第8回国際芸術祭「釜山ビエンナーレ」に間に合った。
アーティスティック・ディレクターは、仏マーグ財団美術館館長のオリヴィエ・キャプラン氏。
テーマは「Inhabiting the World」(世界に住まう)。
オリヴィエ・キャプラン氏は「安定しない現在の世界で、私たちは積極的に世界というものに働きかけ、積極的に住んでいるのかという疑問を投げかけたい。芸術家はよりエネルギッシュにそしてアクティブに、なおかつポジティブに世の中を捉えている。これを皆様に提示したい」と語ってきた。
メイン展示となった釜山市立美術館の館内は「抽象・運動」、「宇宙」、「建築的空間」、「アイデンティティ」など7つのセクションに構成。
さらに2カ所の会場へシャトルバスで往来できます。
私が味わって出色だった作品は、期待とおり塩田千春(第56回ヴェネチア・ビエンナーレ(15年)日本館出品作家)のものでした。
これはいたって感動的でした。
天井から吊り下げられた年代物のスーツケースが斜めの空間を生み出しており、その中のいくつかはがたがた音を出して揺れ動いているのです。
カタストロフィーを前にして私たちが余儀なく突きつけられる感情、のようなものが、皮膚の下から汗のように涌き出してくるのです。

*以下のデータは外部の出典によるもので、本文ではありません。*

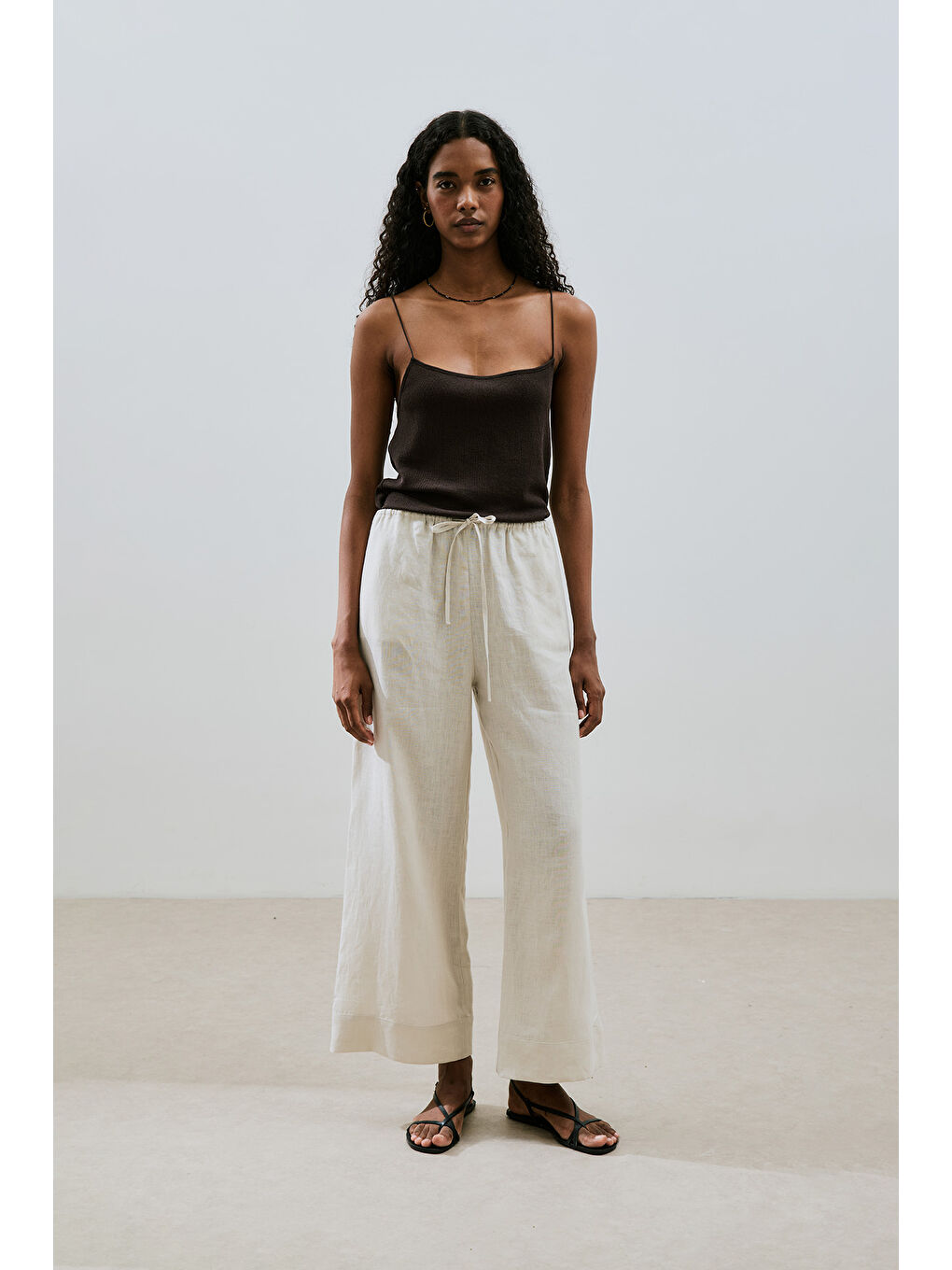 Bej Keten Bağlamalı Pantolon Taş-2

うふむむ。金縛りにあったように立ちすくむオーディエンスが次々と捉えられてしまう空間。
とりわけ私はこの夏、ベルリンで塩田さんとお会い出来るチャンスがありました。しかしながら、韓国・釜山へ
仕事で行かれてしまって会えなかったのです。
その仕事というのが、驚いたことに、この釜山ビエンナーレの作品制作だったことを後で知って、いつかはぜひとも観てみたいと思っていたのです。
会場全体では約50名の作家たちの作品や表現活動が抽象からデジタルへ、平面からインスタレーションへ、所狭しと作品を提示しており、私たちがどこかで見てきたようなアートの領域の多くがそこに網羅されているように思えました。